Chicken and peppers in tomato sauce
This dish brings back memories of when my husband and I first moved in together.
I use to cook this for him in our tiny NYC apartment that had a kitchen no bigger than a bathroom stall.
My husband loved this meal so much it became the dish I made whenever we had a reason to celebrate him. The dish is not fancy by any means, it's more like comfort food.
I remember making it for him when he landed his dream job at the NHL, for our one year anniversary, as the first home cooked meal in our new house, and for so many other life events.
Fifteen years later, I still make this dish for him; not so much on special occasions anymore, but as a throwback to all those memorable moments we shared.
- 1 package of chicken breast (about 3-4 pieces)
- 3 bell peppers (1 red, 1 orange, 1 yellow)
- 1 onion
- 1/4 cup pitted black olives sliced in half
- 26.46 oz. box of Pomi strained tomatoes or puree your own using San Marzano plum tomatoes
- 1 tablespoon olive oil
- 1 tablespoon butter
- 2 tablespoons white wine (red wine, broth or water is fine too)
- 1/2 tsp oregano
- 1/2 teaspoon garlic powder
- pinch of sugar
- salt and pepper to taste
- Clean and slice chicken into medium size pieces. Season chicken with salt, pepper, oregano and garlic powder.
- Melt 1 tablespoon of butter in a large skillet with olive oil.
- Sautee chicken in the pan on medium to high heat until chicken is golden brown (about 6-7 minutes).
- Remove chicken from pan set aside.
- Deglaze pan with wine.
- Add peppers and onions to the pan. Season with salt, pepper, oregano. Sautee for 5 minutes.

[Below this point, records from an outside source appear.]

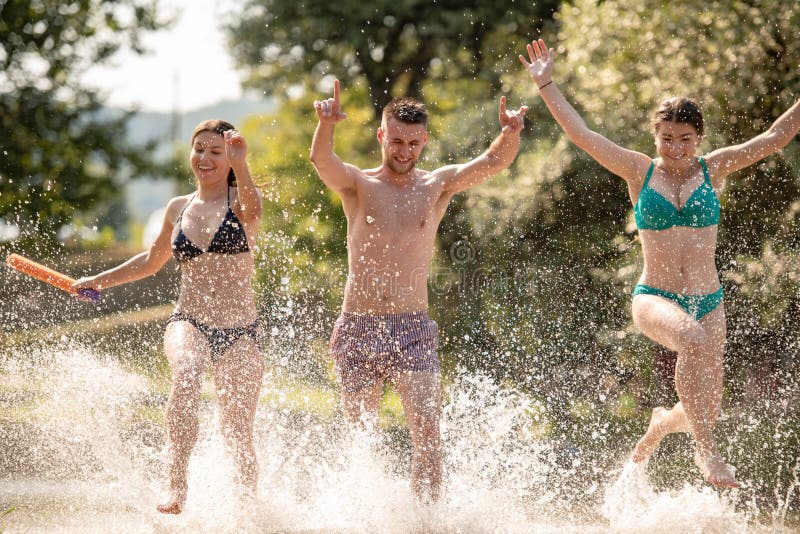 Summer joy friends having fun on river, Summer joy group of happy friends having fun while running and splashing on river
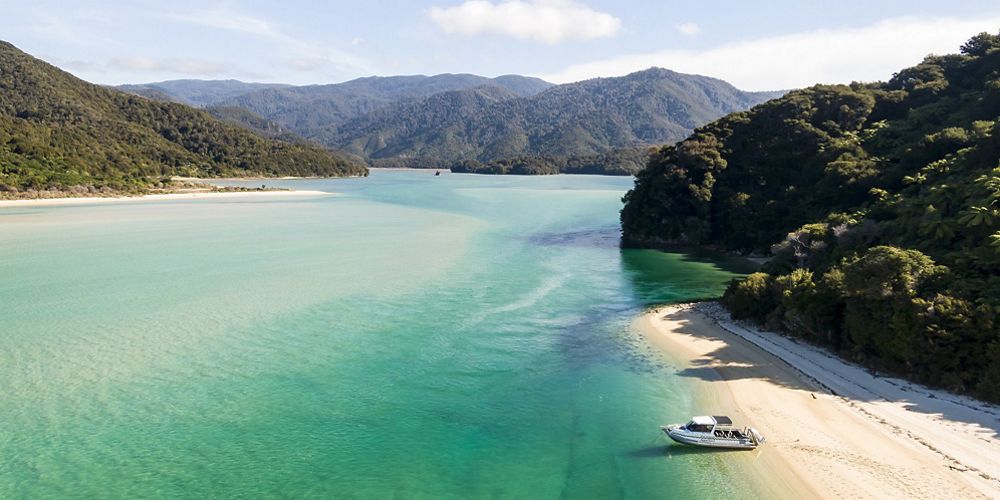 View overlooking a wide, flat body of water, with a small beach abutting forested hills.
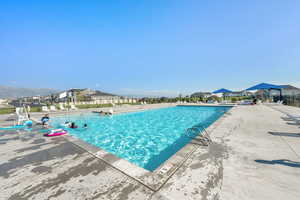 Community pool featuring a residential view and a patio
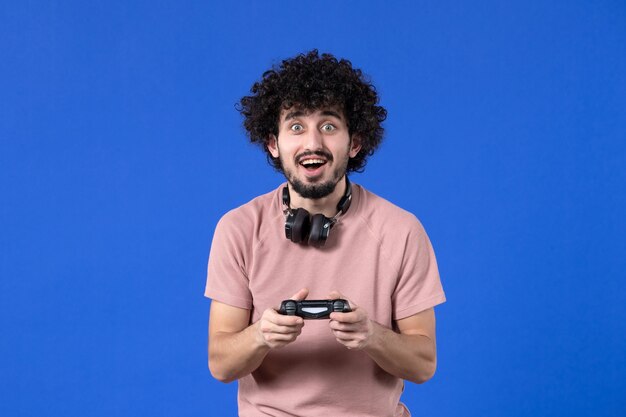 Vue de face joueur masculin jouant à un jeu vidéo avec manette de jeu sur fond bleu vidéo adulte virtuelle gagnant joueur de joie jeune adolescent de football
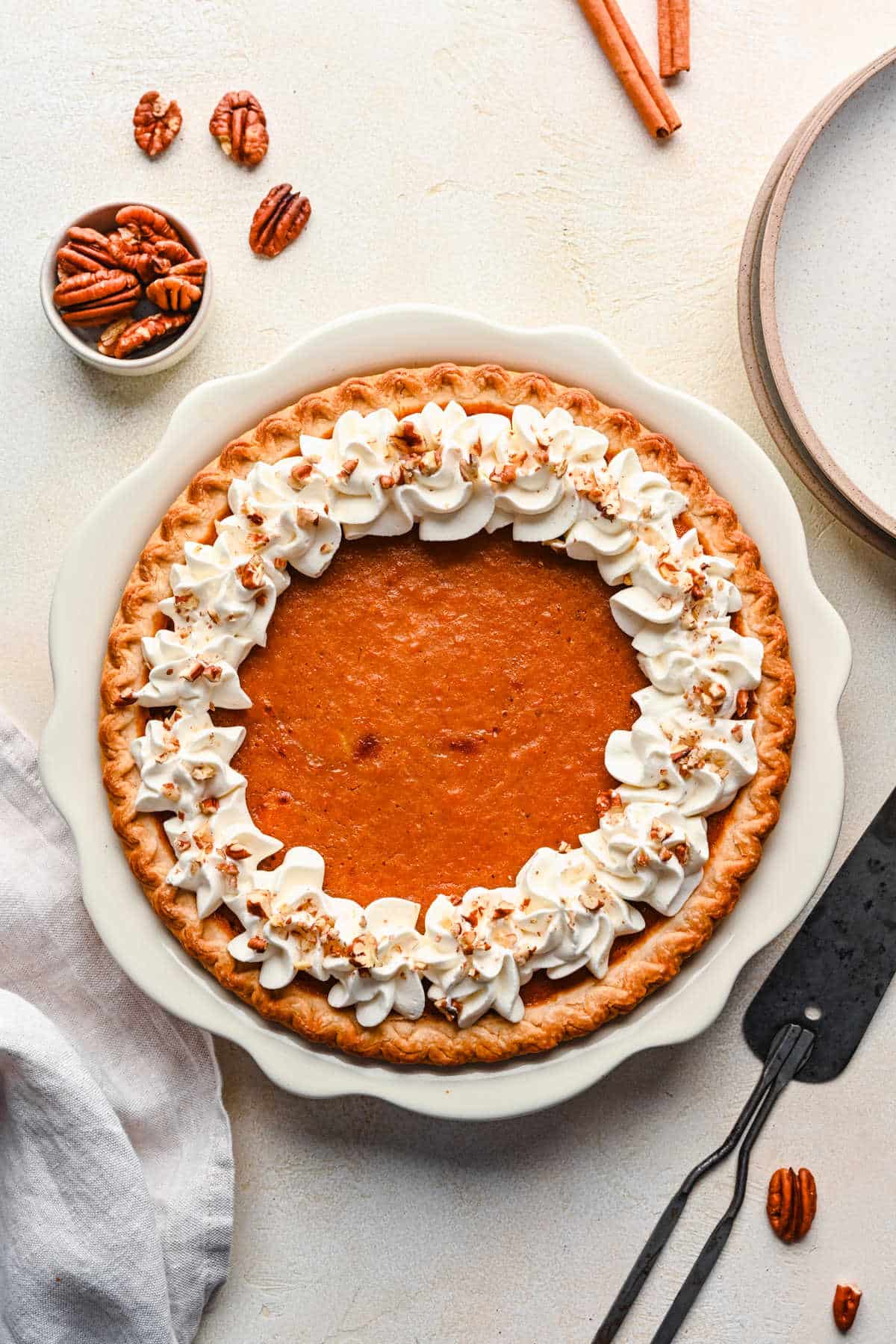 A sweet potato pie topped with whipped cream and pecans.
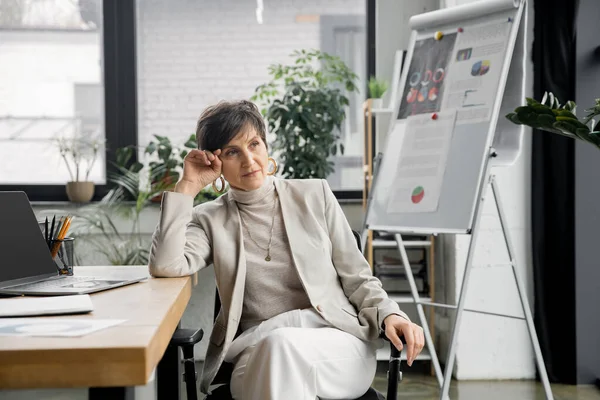 Femme d'affaires mature réfléchie sur le lieu de travail près d'un ordinateur portable et tableau à feuilles mobiles avec des graphiques, résolution de problèmes — Photo de stock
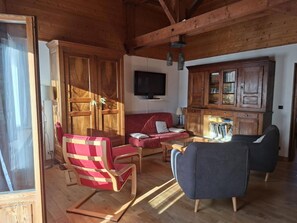 A wooden interior with a sofa, chairs, a television, and a bookshelf.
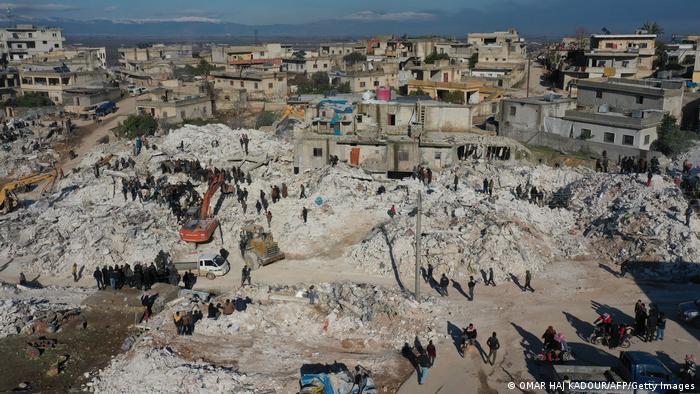 Eine Luftaufnahme zeigt Menschen die nach dem Erdbeben in der türkisch-syrischen Grenzregion unter Trümmern von Gebäuden nach Verschütteten suchen und dabei von Baggern unterstützt werden
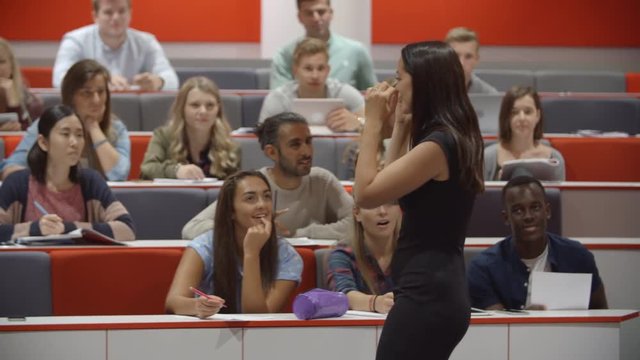 Female teacher and students in university lecture theatre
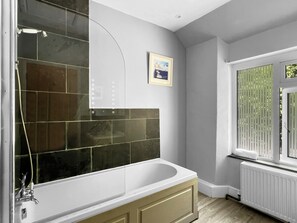 Une salle de bain avec une baignoire, une douche et une fenêtre avec des stores.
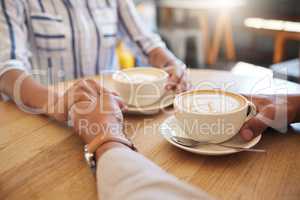 Coffee, break and dating couple holding hands on a romantic date at a cafe, restaurant or coffee shop. Man, woman or people touching, in love and romance on anniversary or valentines day together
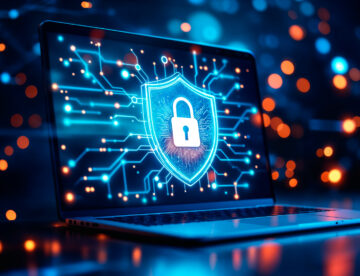 An open laptop with a big padlock image on its screen plus network pathways all in shades of blue to represent cyber security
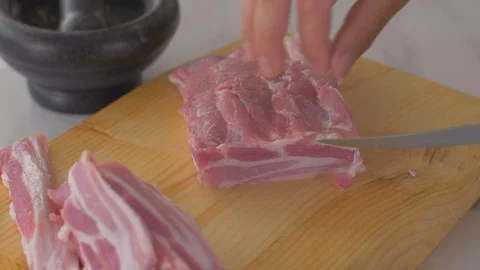 Chef cuts pieces of raw bacon by sharp knife on the wooden board Video stock 111272292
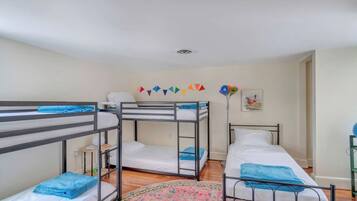 Un dormitorio con camas literas, una mesita de noche pequeña, una lámpara y una alfombra colorida.
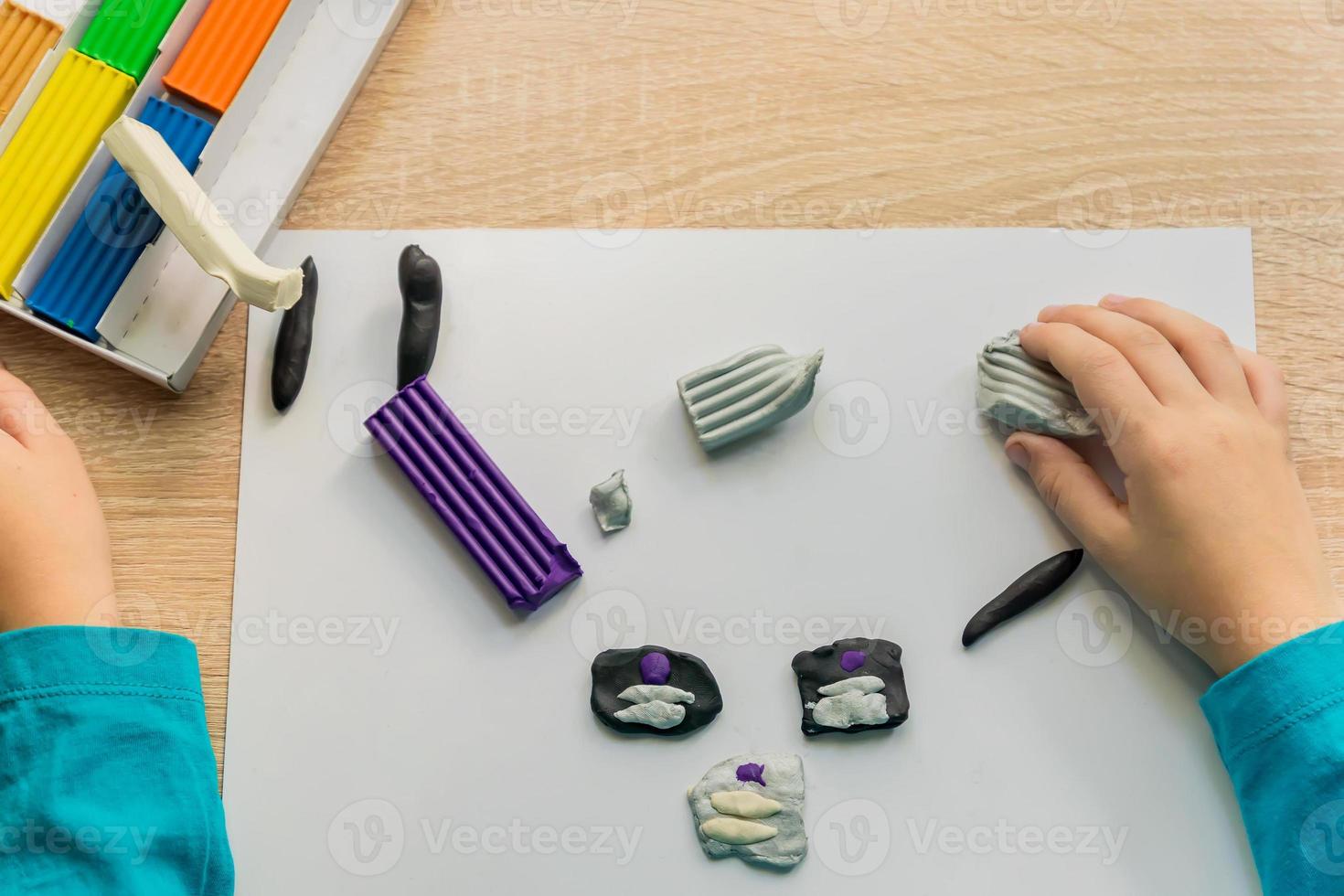 Hands of a little boy playing  with colorful modeling clay. Creative kid molding at home. photo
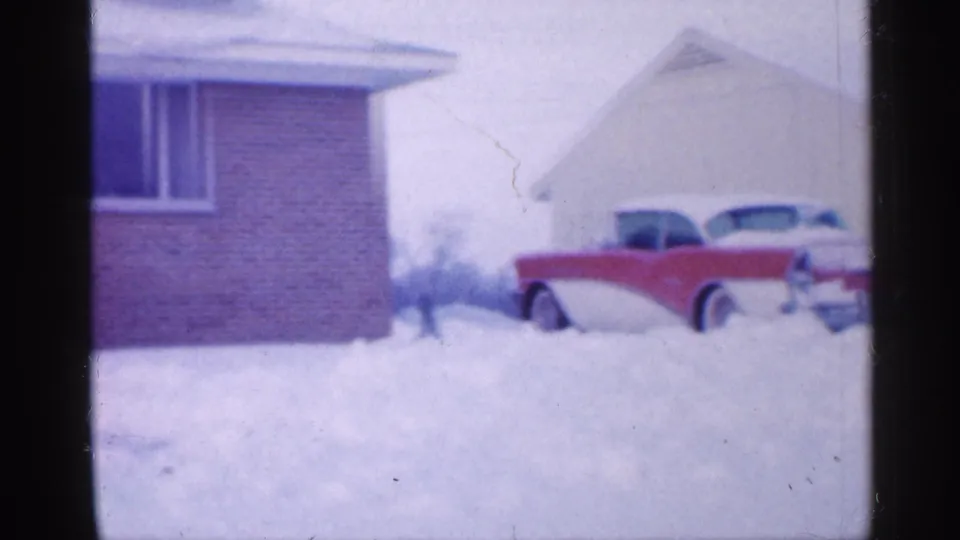 A soft 8mm view shows the brick house at left and the red-and-white car partly cropped by the frame amid deep winter snow.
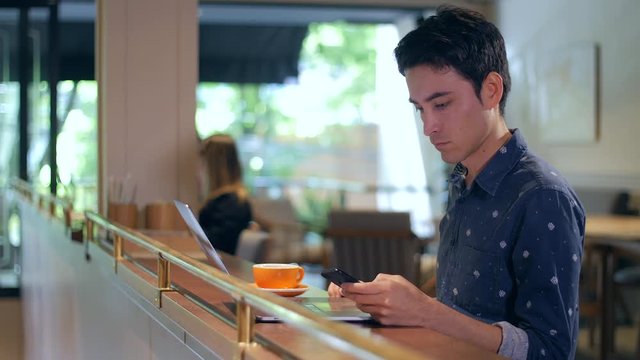 Young Latin American man sitting in coffee shop in Medellin, Colombia, using laptop and smartphone, working or studying online, medium shot. High quality 4K ProRes 422 HQ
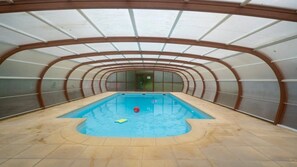 En indendørs swimmingpool med buet loft og flisegulv.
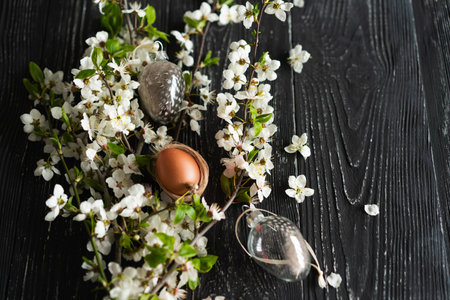 Spring cherry blossoms and Easter eggs on old wooden background.の写真素材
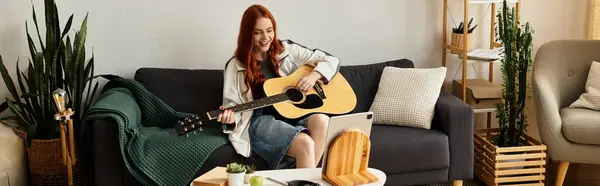 Giovane donna con i capelli rossi strums una chitarra mentre seduto comodamente nel suo spazio di vita. — Foto stock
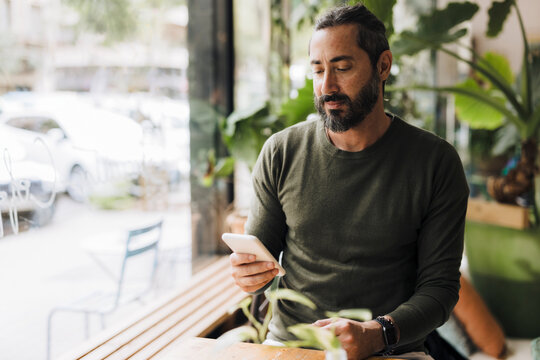 Mature man using mobile phone at cafe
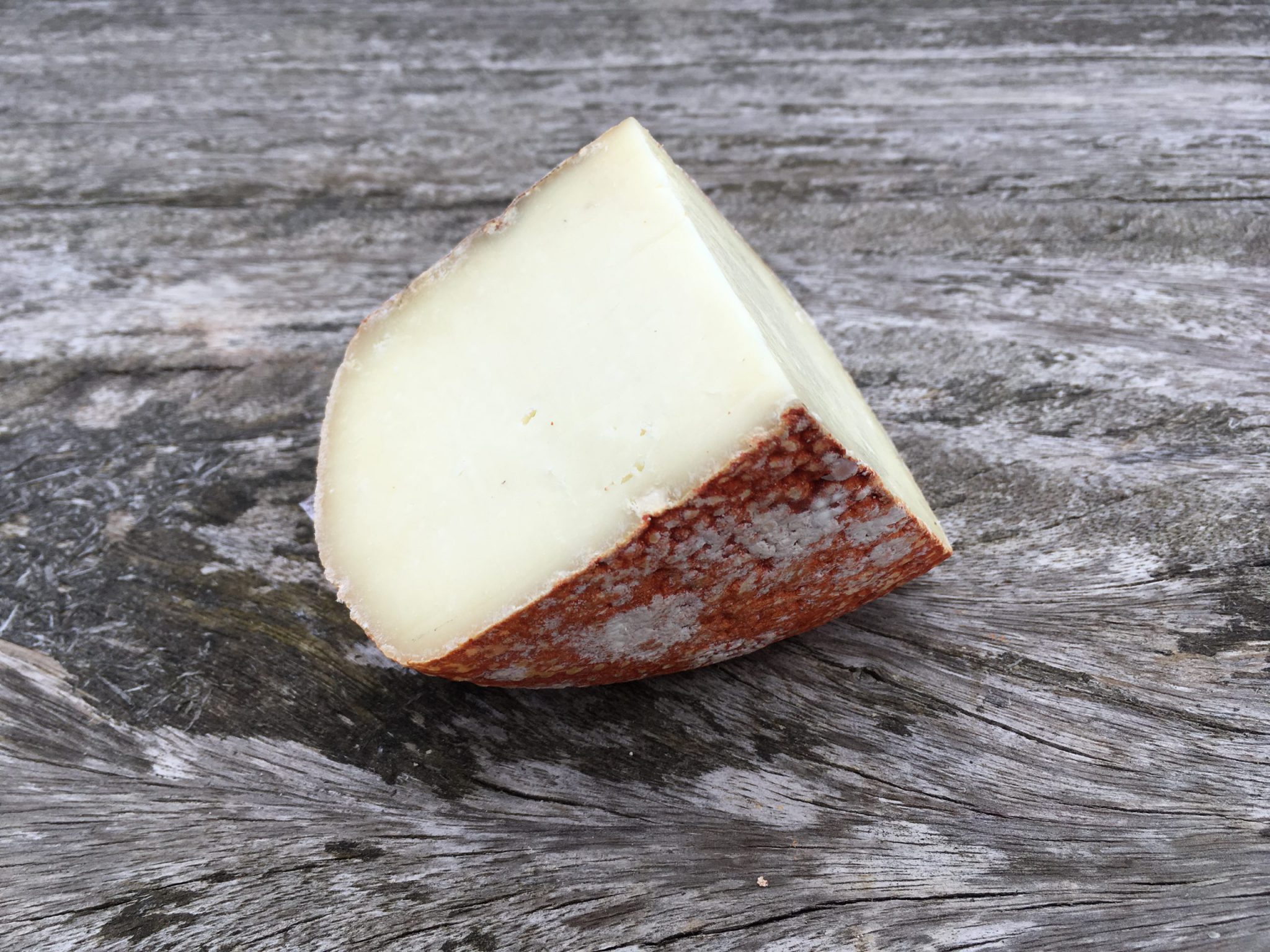 A slice of Pecorino Rocco cheese showcasing its red rind and smooth texture rests on a wooden surface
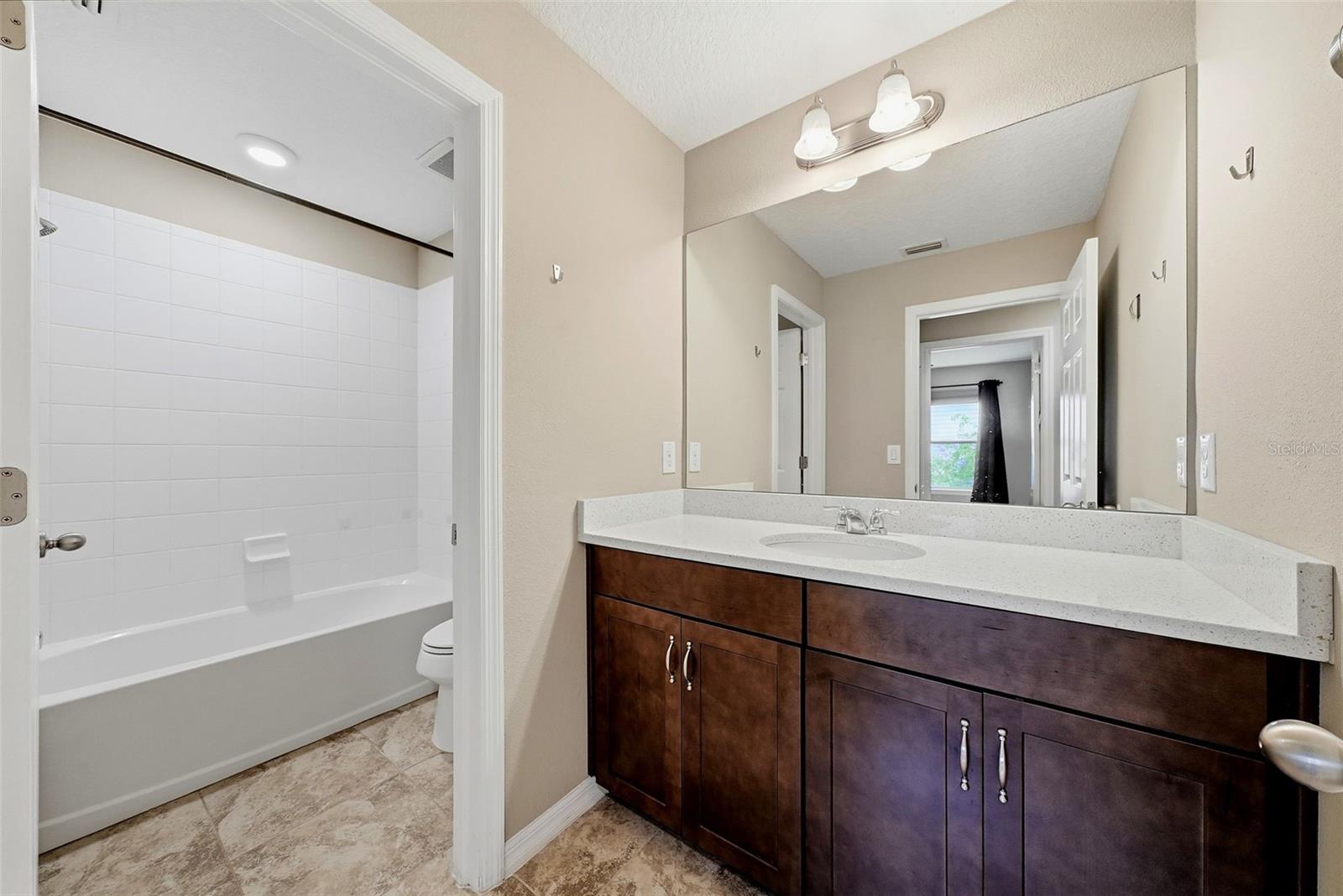 Nice 2nd. bathroom, lots of counter space and a separated tub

- Add strained tomatoes, season with salt, pepper, and garlic powder. Sprinkle sugar over tomatoes. Add remaining butter.
- Cook for 2-3 minutes.
- Add chicken back to the pan. Mix well.
- Stir in chopped black olives.
- Cook on medium/low heat for 20-25 minutes until peppers are softened and flavors are combined.
- Serve over white rice or with a baguette.